Quantifying & Modeling Multimodal Interactions: An Information Decomposition Framework
This work addresses fundamental research questions in multimodal AI by providing a principled method to analyze interactions, which is incremental as it builds on existing information theory concepts but applies them to modern multimodal challenges.
The paper tackles the problem of quantifying interactions in multimodal tasks by proposing an information-theoretic framework to measure redundancy, uniqueness, and synergy, and introduces scalable estimators validated on synthetic and real-world benchmarks, with applications in model selection and domain-specific case studies.

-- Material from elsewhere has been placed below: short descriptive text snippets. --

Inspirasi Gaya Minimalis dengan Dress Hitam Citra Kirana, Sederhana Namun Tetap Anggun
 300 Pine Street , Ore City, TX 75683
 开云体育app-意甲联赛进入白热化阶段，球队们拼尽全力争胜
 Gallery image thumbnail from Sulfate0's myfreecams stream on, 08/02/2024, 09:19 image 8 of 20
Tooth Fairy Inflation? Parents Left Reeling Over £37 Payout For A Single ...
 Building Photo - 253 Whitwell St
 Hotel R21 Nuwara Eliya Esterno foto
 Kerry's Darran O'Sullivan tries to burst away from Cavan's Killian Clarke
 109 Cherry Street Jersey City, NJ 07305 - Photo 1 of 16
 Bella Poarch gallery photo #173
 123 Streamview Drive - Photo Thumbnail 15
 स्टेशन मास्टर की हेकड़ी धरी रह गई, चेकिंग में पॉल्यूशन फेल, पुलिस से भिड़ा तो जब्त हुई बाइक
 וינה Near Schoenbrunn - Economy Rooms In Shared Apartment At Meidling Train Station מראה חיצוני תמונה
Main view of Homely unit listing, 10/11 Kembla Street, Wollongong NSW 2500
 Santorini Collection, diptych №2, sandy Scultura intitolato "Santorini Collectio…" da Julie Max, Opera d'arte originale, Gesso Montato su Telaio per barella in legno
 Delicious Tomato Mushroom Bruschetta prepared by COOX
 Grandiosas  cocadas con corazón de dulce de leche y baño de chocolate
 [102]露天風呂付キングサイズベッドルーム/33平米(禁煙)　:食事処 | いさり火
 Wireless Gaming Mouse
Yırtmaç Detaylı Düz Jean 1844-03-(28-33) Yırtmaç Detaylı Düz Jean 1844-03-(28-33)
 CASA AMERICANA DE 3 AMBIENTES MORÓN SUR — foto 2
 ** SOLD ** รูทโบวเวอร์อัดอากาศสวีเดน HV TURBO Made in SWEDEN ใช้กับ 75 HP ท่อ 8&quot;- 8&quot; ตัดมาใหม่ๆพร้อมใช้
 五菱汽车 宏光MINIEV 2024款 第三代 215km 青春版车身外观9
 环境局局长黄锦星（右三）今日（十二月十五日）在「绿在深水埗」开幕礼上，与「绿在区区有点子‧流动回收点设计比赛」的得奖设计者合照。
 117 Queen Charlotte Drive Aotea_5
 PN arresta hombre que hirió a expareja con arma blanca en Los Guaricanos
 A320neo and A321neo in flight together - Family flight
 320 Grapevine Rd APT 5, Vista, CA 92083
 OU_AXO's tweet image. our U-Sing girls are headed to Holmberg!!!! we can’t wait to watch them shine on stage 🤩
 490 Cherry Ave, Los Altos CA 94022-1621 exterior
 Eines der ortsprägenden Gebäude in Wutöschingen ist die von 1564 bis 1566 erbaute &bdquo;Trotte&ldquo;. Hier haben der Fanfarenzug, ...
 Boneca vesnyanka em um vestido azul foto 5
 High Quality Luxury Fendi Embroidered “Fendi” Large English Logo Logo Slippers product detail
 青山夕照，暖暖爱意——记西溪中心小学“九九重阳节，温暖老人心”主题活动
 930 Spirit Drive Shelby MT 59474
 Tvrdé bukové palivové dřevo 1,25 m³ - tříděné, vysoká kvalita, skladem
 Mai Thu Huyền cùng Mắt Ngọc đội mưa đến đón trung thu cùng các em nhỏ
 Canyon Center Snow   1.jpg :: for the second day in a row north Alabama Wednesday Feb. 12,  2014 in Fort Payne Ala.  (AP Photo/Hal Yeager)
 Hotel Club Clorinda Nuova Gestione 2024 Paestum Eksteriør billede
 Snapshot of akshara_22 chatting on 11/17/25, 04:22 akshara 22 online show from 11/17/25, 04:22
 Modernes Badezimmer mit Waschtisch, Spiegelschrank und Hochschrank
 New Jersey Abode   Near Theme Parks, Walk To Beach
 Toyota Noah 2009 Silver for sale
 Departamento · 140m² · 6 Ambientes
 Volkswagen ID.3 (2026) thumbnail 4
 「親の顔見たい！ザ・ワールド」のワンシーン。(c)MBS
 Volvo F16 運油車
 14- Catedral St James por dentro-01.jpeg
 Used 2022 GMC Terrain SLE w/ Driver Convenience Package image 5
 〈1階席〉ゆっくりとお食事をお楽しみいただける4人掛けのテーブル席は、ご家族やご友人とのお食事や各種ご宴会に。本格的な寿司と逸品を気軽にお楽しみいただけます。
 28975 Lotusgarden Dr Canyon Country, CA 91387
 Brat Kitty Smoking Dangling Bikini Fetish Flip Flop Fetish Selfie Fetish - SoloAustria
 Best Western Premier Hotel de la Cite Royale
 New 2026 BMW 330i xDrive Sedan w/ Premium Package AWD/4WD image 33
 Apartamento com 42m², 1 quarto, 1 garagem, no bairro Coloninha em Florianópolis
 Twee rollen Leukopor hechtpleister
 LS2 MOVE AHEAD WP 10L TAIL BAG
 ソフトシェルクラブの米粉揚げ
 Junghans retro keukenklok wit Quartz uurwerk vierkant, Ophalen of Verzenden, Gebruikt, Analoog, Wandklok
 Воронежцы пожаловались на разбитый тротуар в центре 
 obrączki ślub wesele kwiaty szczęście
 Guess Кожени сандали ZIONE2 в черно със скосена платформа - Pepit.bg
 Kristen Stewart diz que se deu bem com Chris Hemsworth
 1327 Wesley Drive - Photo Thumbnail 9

The recent explosion of interest in multimodal applications has resulted in a wide selection of datasets and methods for representing and integrating information from different modalities. Despite these empirical advances, there remain fundamental research questions: How can we quantify the interactions that are necessary to solve a multimodal task? Subsequently, what are the most suitable multimodal models to capture these interactions? To answer these questions, we propose an information-theoretic approach to quantify the degree of redundancy, uniqueness, and synergy relating input modalities with an output task. We term these three measures as the PID statistics of a multimodal distribution (or PID for short), and introduce two new estimators for these PID statistics that scale to high-dimensional distributions. To validate PID estimation, we conduct extensive experiments on both synthetic datasets where the PID is known and on large-scale multimodal benchmarks where PID estimations are compared with human annotations. Finally, we demonstrate their usefulness in (1) quantifying interactions within multimodal datasets, (2) quantifying interactions captured by multimodal models, (3) principled approaches for model selection, and (4) three real-world case studies engaging with domain experts in pathology, mood prediction, and robotic perception where our framework helps to recommend strong multimodal models for each application.